» **WHAT THE TASK REQUIRES**
In the records below, find the line containing "Genuine Sony Garging" and return it together with every later line, exactly as written; pictures are to be omitted.

» **RECORDS PROVIDED**
######
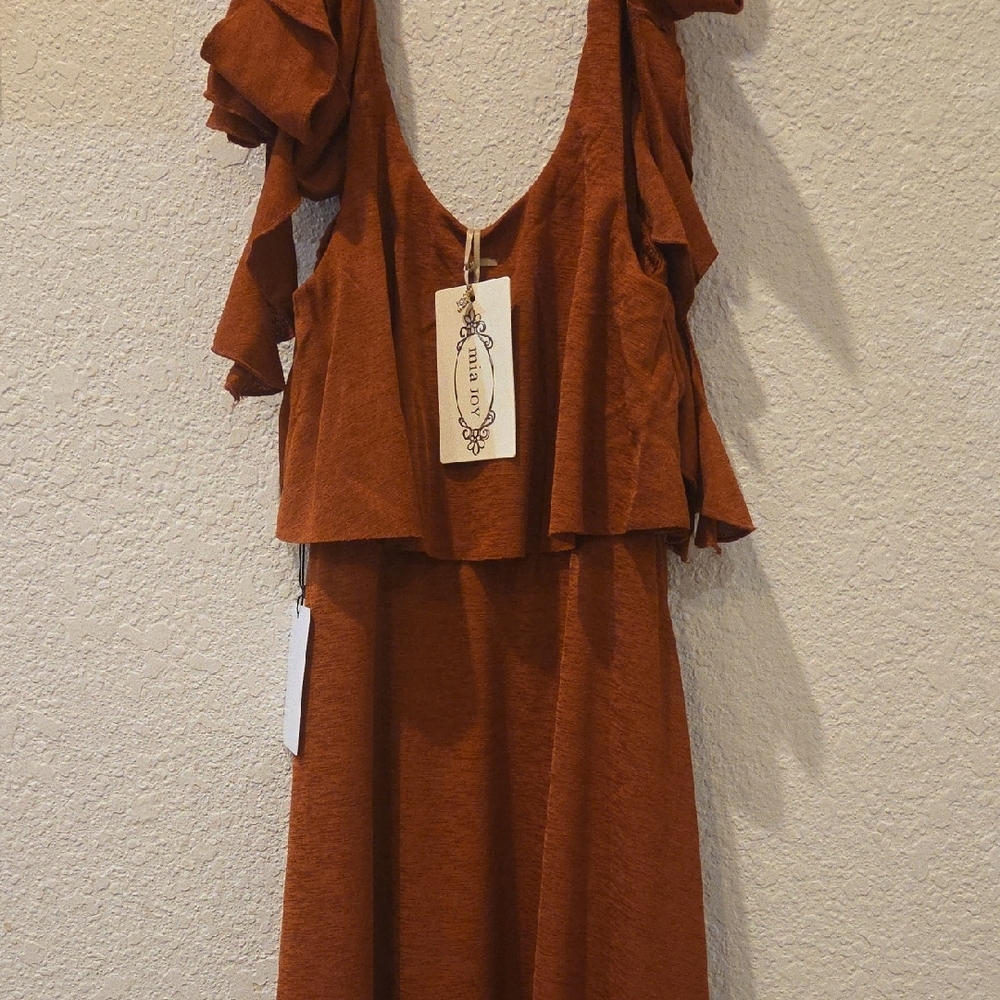 Joyfolie Elegant and Beautiful Dress For a Girl. New With Tags. - Picture 3 of 9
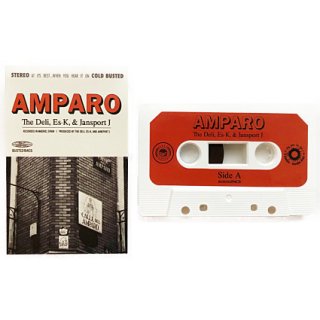 Amparo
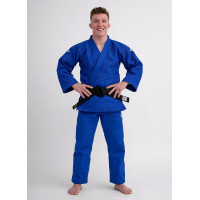 IPPONGEAR Джудо екип "Ултралек" Син
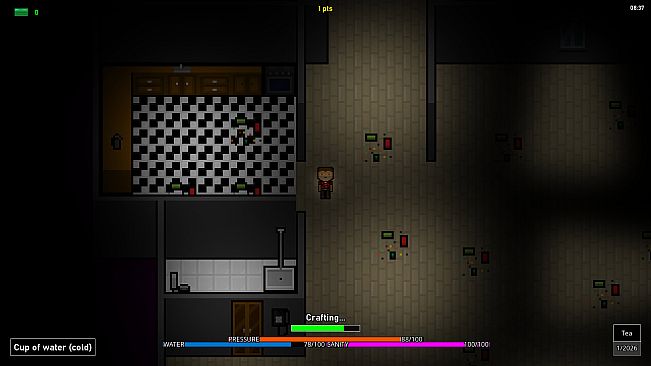 Toiletocalypse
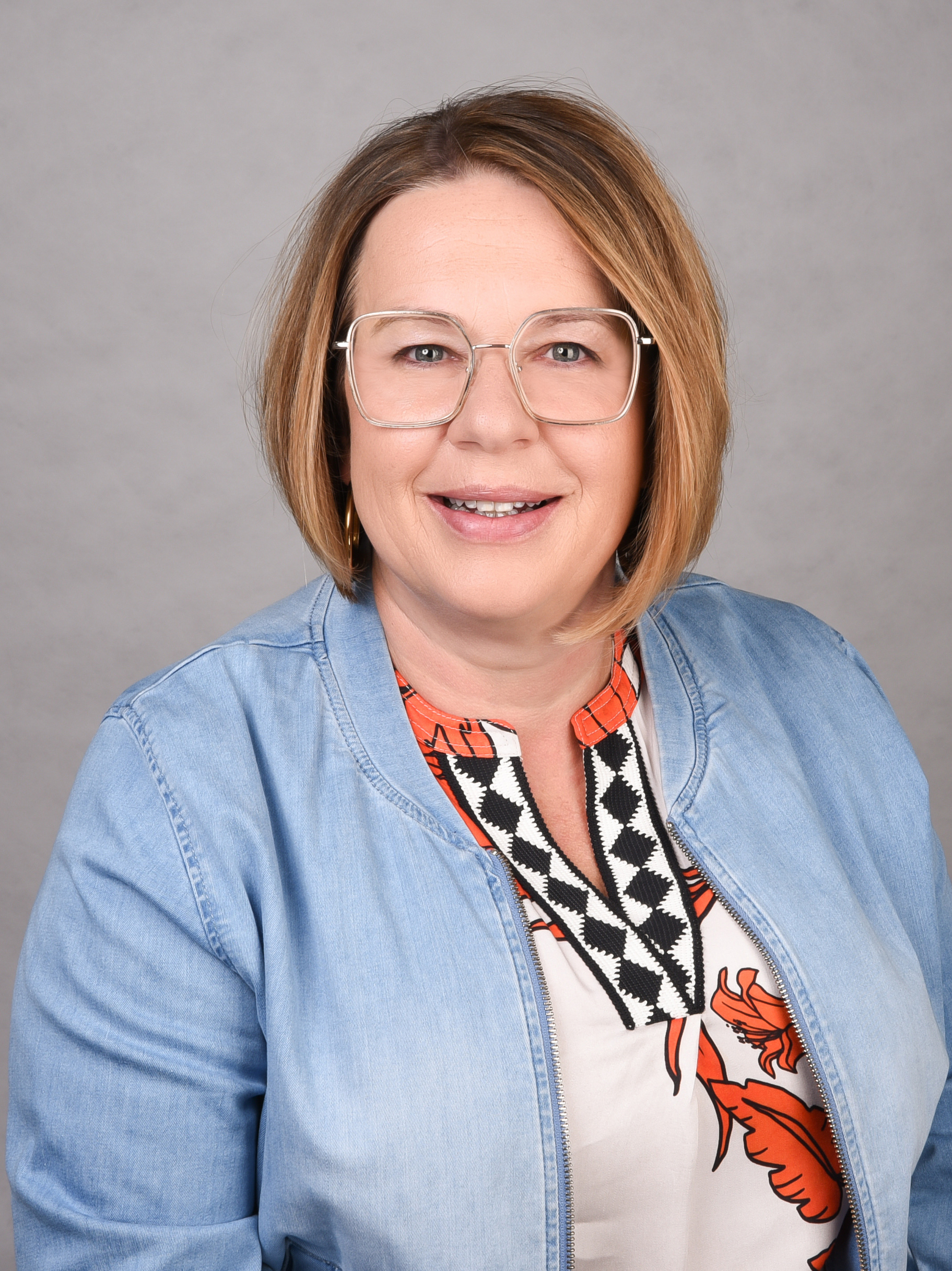 Michaela Eckmayer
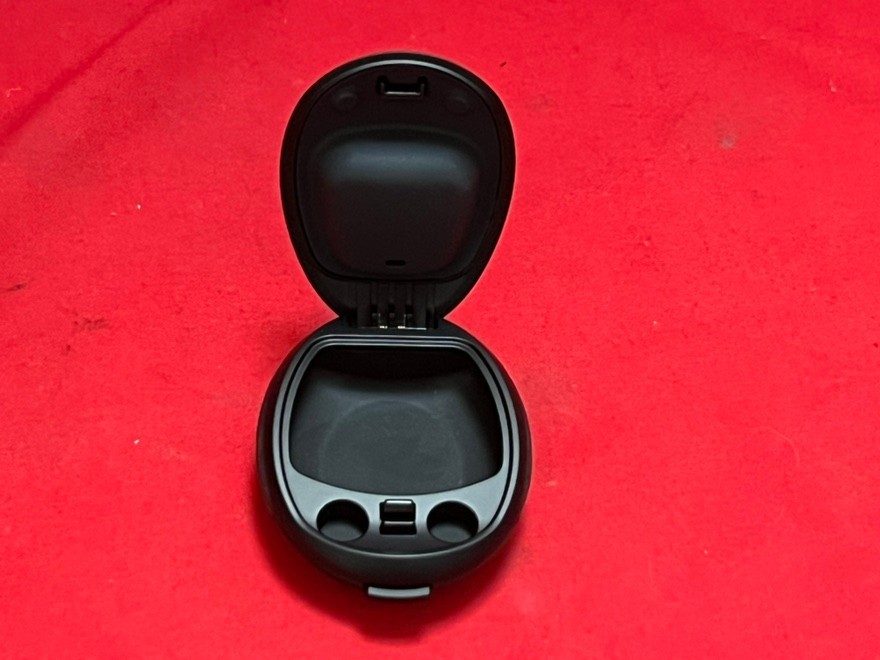 Genuine Sony Garging Storage Case for CRE-C10 Self-Fitting OTC Hearing Aids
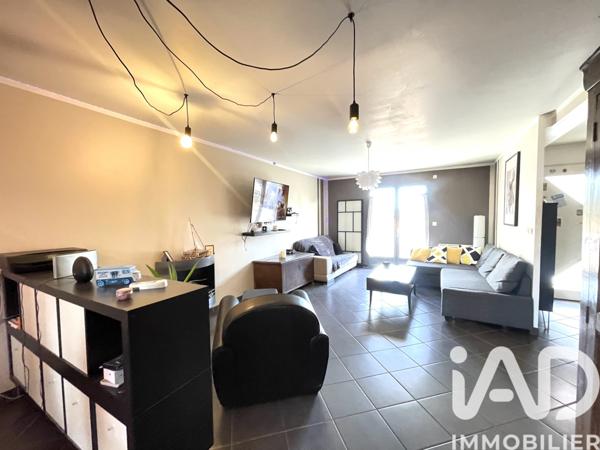 Maison à vendre 7 pièces 143 m² Ablon-sur-Seine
######
» **SOLUTION TO THIS TASK**
 Genuine Sony Garging Storage Case for CRE-C10 Self-Fitting OTC Hearing Aids
 Maison à vendre 7 pièces 143 m² Ablon-sur-Seine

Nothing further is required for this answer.